1. It’s unnecessary to list each woman’s height and weight below her name. I doubt that many women (whether they are a 6 or a 16) would want their personal information to be put on TV for the world to see.

2. Luke seems like a nice-enough guy, but 20 cute ladies + 1 single man basking in their attention = the balance of power is dangerously off.

3. The first girl out of the limo, Malissa, looked gorgeous in a deep cut blue sheath. And she’s studied abroad in Paris. Forget Luke, I’m a little smitten myself.

4. The rings. Oh my. The rings that signify “Luke’s promise to get to know each of the woman for who they really are”. Call me old-fashioned, but I thought there were engagement rings (i.e. you are engaged to be married), and maybe promise rings (i.e. you are making a promise to get engaged in the future). What do these rings represent then? Although… this can be a new marketing opportunity for jewelers: “A Promise To Get to Know You” ring, anyone?

5. The script about the rings. Luke: “Will you wear this ring?” Lady: “I will!” Luke said, “the future Mrs. Conley might be in this room.” I get it .There’s no need to knock us over the head with the obvious SYMBOLISM of the ring ceremony.
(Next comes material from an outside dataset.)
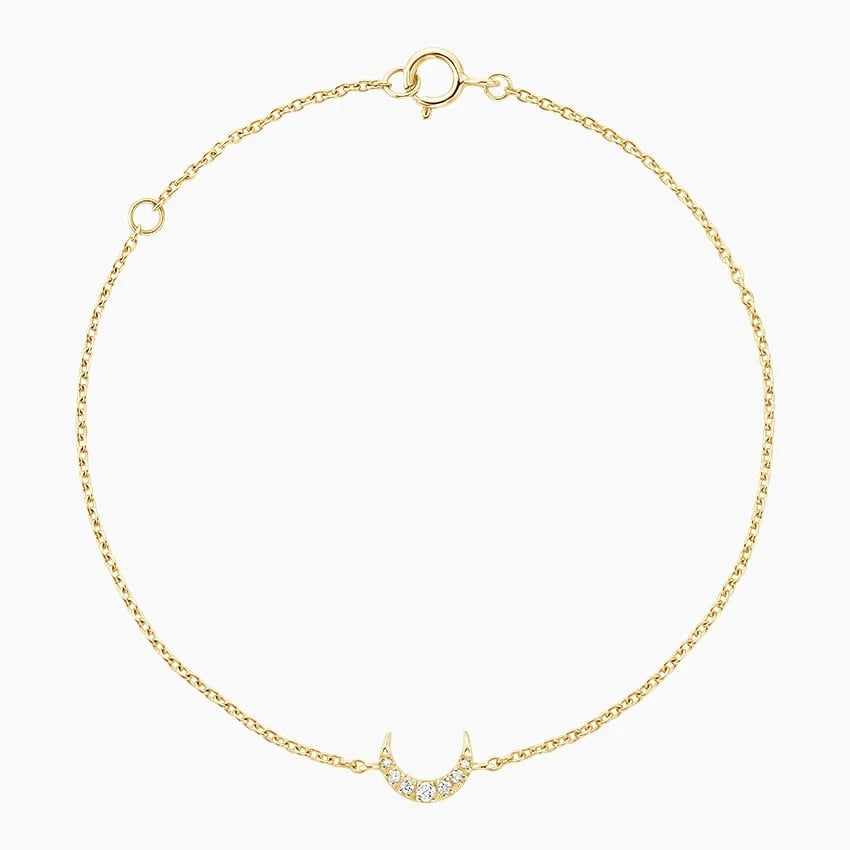 pavé diamond crescent moon chain bracelet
6. The giving back of the rings and the regiving of the rings. It’s mean for the ladies to have to give back their rings, then wait for it to be re-given. I prefer Bachelorette’s rose ceremony. At least the Bachelor ladies aren’t handed out a rose only to have to give them back.
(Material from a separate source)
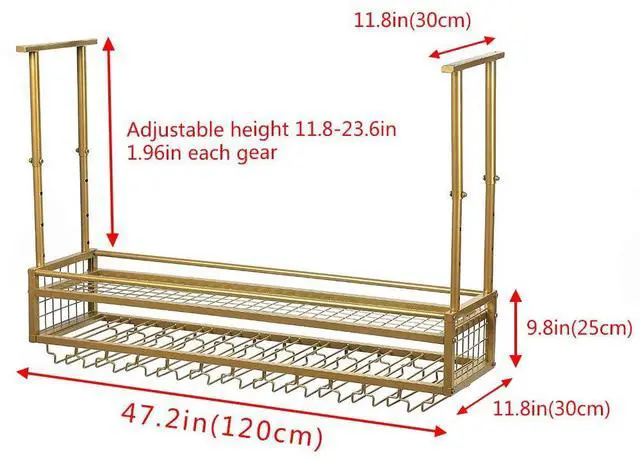 Alt view image 3 of 6 - Hanging Wine Glass Rack Ceiling for Bar Restaurants,47.2in Adjustable Metal Wine Glass Holder,Industrial Iron Wine Shelf Wall Mounted(Gold)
7. The rocket scientist who kept apologizing to Luke about her rocket scientist job. I was bummed she was sent home (I hope it’s not because Luke was intimidated by her). But I hope she knows that she should never apologize for her intelligence. A man who “loves you for who you truly are” will be proud and supportive of your accomplishments.

8. It makes me sad to hear a girl say that this show is her ONE chance at love, or something along those lines. That’s a lot of stock to put in a guy you’ve met once (and has 19 other girls competing for him). 
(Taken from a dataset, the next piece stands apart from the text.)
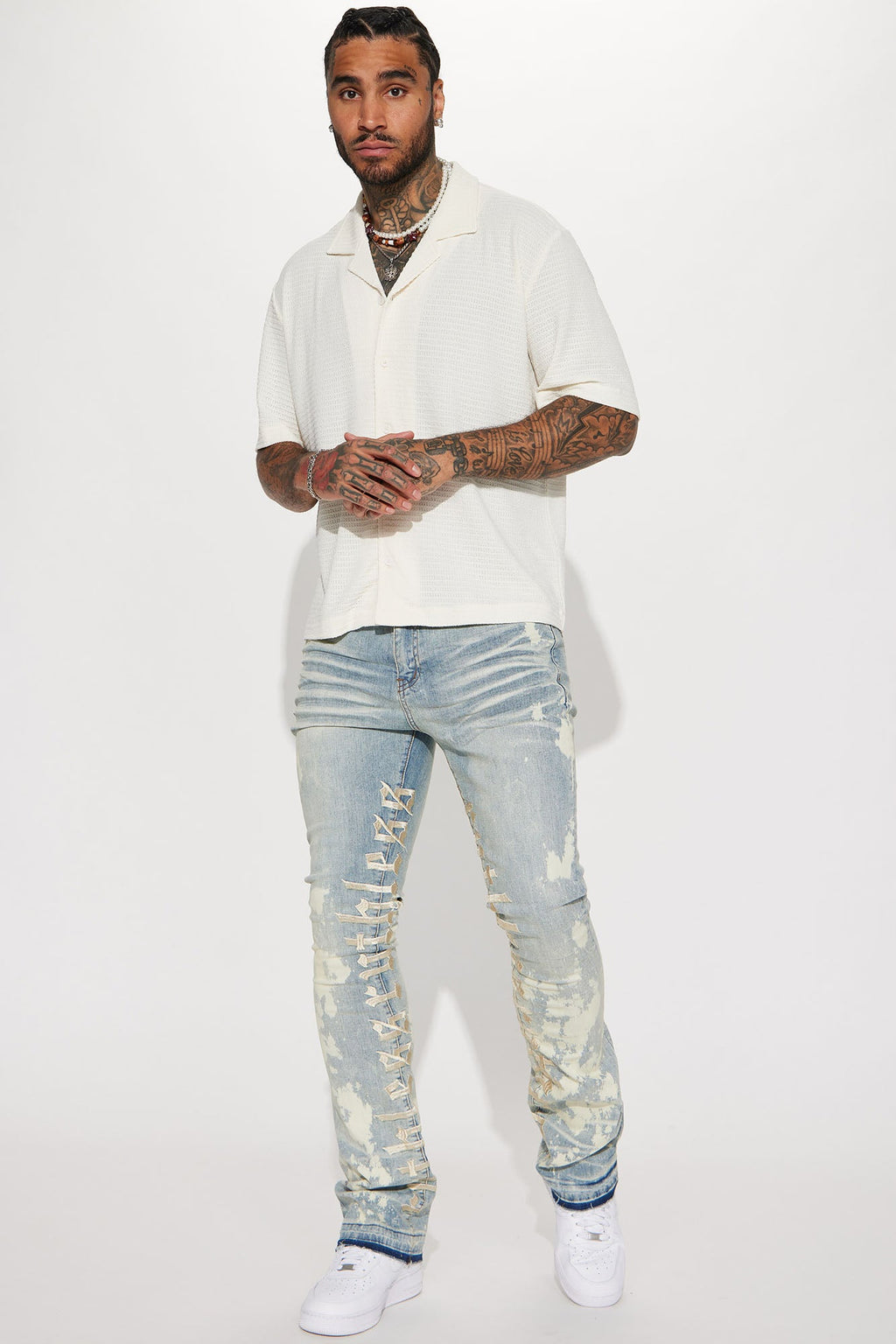 Ruthless Embroidered Stacked Skinny Flare Jeans - Bleach Blue Wash - image 3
9. Reality dating shows remind me of group interviews, except a thousand times worse.

In a group interview, an applicant wears a suit and heels and tries to both play nice with fellow candidates and stand out from the crowd to attract the attention of the hiring manager.

In a reality dating show, a participant wears a party dress and tries to both play nice with fellow contestants and stand out from the crowd to attract the attention of the hiring manager man of the moment.

In a group interview, your prize will be the job you wanted. In a reality dating show, your prize is a relationship that past experience has shown will last a month after the show wraps up filiming (to be fair, except for Trista and Ryan).

10. I’d really like to see reality dating shows discuss the issues of money in relationships. But I guess that’s too boring of a topic for TV. But putting a bunch of people in a fancy mansion with no worries about money doesn’t quite seem like a “realistic” way to begin a relationship.

Have anyone seen More To Love? What are your thoughts?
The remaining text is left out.